But later during the 1600s, a tighter, more predictable language began to develop—what we think of as “tonality”—which helps to divide sections, point our ears toward endings, and transitions, and so forth. A piece is “in D minor,” or “in A-Flat Major.” Well, to my ears and mind, that development, most clearly represented by the music of the 18th century, is a step BACKWARDS, because the harmonic structures turned safe and “limited.” But meanwhile, the orchestra evolved, and structures like symphonies and fugues emerged and became dominant. I do not reject these developments.
This is a very unusual perspective. Let me make sure I understand what you’re getting at. You’re saying that you’re particularly interested in the period between 1364 and 1611, but even more so during the period of transition shortly after that, when a “grand” style developed, but was subsequently overlooked. Yet composers like Monteverdi and Schutz and even Gesualdo aren’t exactly esoteric today.

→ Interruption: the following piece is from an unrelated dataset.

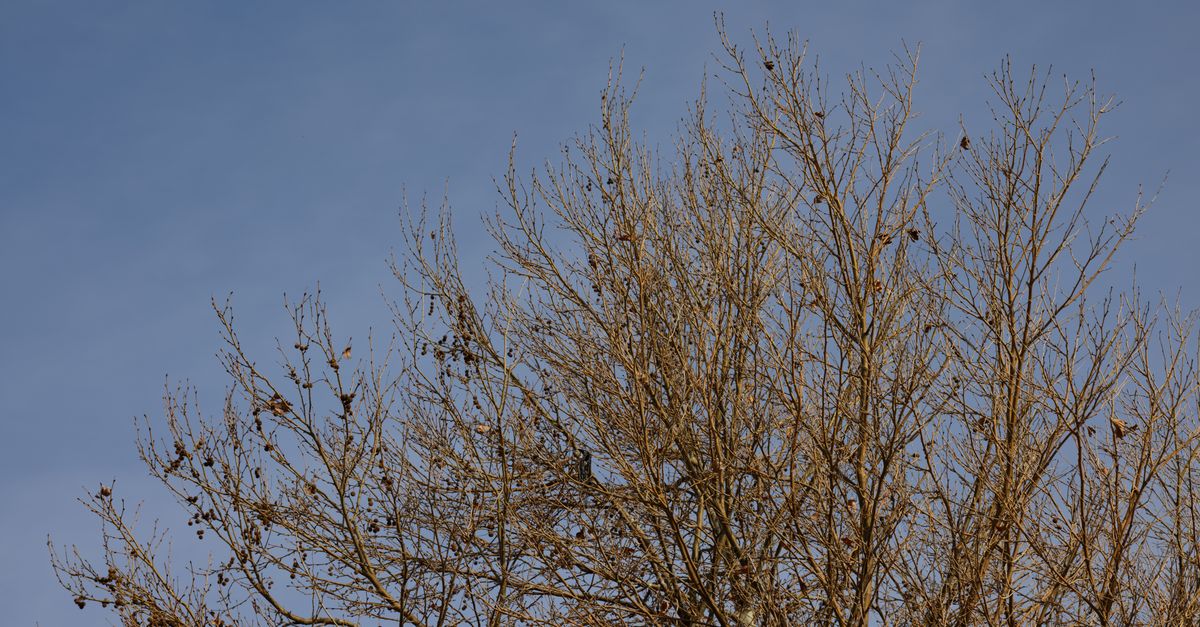 Less Foliage Tree Leafless Tree · Free Stock Photo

Monteverdi, Schutz and Gesualdo WERE pretty esoteric for long periods of time, but with the advent of recording and the discoveries of people like Nadia Boulanger, Carl Orff, and others, who said, “You know, there’s some remarkable stuff gathering dust on museum and church library shelves,” this music re-surfaced from what was something of a “dark age.” But even before this re-discovery, other composers picked up elements of this “grand” style, in one way or another. You can hear this especially in music of the late 1800s, albeit with greater freedom: more dissonant harmony used tastefully, overlapping chords, and so forth. This “tasteful dissonance” includes some pretty pungent stuff, but it is constructed fairly simply. And voila! A hybrid style begins to develop. Spanning hundreds of years, consider the dissonance that can be found in Gesualdo’s madrigals, or the end of the first movement of Bruckner’s Ninth Symphony, with its loud E-flat harmonies ramming against pedal D’s. But it’s not all a matter of dissonance. There can be a striking use of consonance within a more modern context that suggests or draws upon that early 17th-century freely chromatic harmony: for example, in the prelude to Hindemith’s Mathis der Maler, or “Senza Mama” from Puccini’s Suor Angelica.

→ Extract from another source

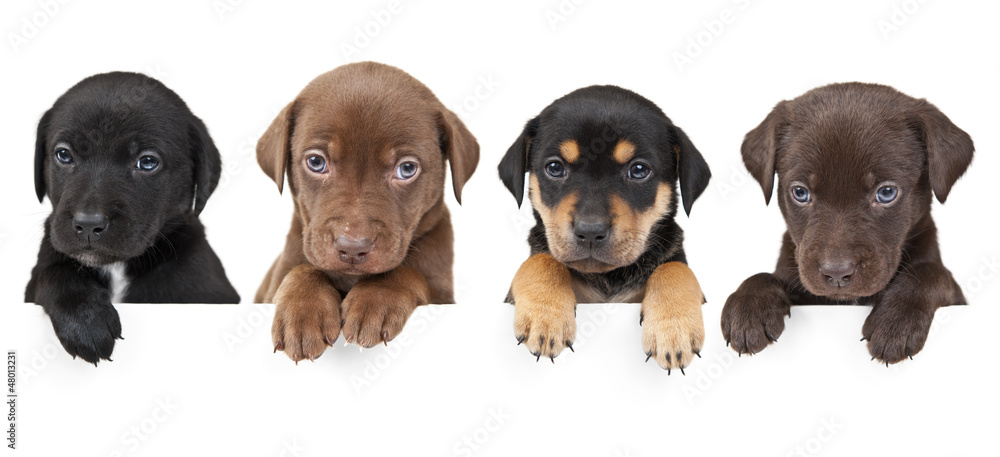 Four puppies above banner - obrazy, fototapety, plakaty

This is the musical lineage that I believe my music follows, and places me among the large conservative, “neo-romantic” group of composers. For such composers emotional expression is primary, while the structures and rhetoric of 19th-century music offer the potential for much further expansion. The group of composers I’m describing may find inspiration in Wagner, Debussy, traditional opera, ethnic music, or elsewhere. Your comment years back about my music points to the fact that within a generally neo-romantic aesthetic, I developed what might be call a “neo-1600” perspective, in which a significant source of inspiration is the pre-tonal music of Monteverdi and Schutz. I would object to citing it as a really predominant source, but both emotionally and technically it is a main aspect of who I am compositionally.
What I have attempted to do is to fuse structures and scoring derived from the Romantic period with melody and harmony of the Renaissance and early Baroque. And I am not the only one to do this—there’s a varied crew from Nielsen to Orbón, including examples like Harris’s Third Symphony and Sibelius’s Seventh. One might question whether such composers happened on such non-tonal harmony through their own exploration, or whether they were influenced by, or even knew, the earlier music, or were introduced to it by another individual. (I have heard that Respighi was influenced and inspired by early music as a result of his wife’s bringing it to his attention.)
Would you say that your compositional style has changed over the years?
No, I don’t think so much at all. There is something I call “stile estatico,” or ecstatic style, where I use a complex cross-rhythm or cross-color overlap in some pieces. I sometimes have sections and even whole movements that feature cross-rhythms and irregular combinations of harmony or scoring. Imagine high-register strings moving once per second, trombones once every two seconds, and harp and chimes once every five seconds. Of course, they are often “out of phase” with each other. I try for a colorful texture with high spiritual intent. I first used this technique in 1983, in Of Numbers and of Bells for two pianos. Can it work? Does it work? Those who listen to Of Numbers and of Bells (Albany TROY163) or the “Pythagoras” movement from the upcoming release of my Trinity, can form their own opinions. But still, 90% of my music from the last 20 or 30 years is stylistically much as it was before. Perhaps one might point to some shifts in emphasis on performing media—less a cappella choral music than years back, and more opera and band music of late.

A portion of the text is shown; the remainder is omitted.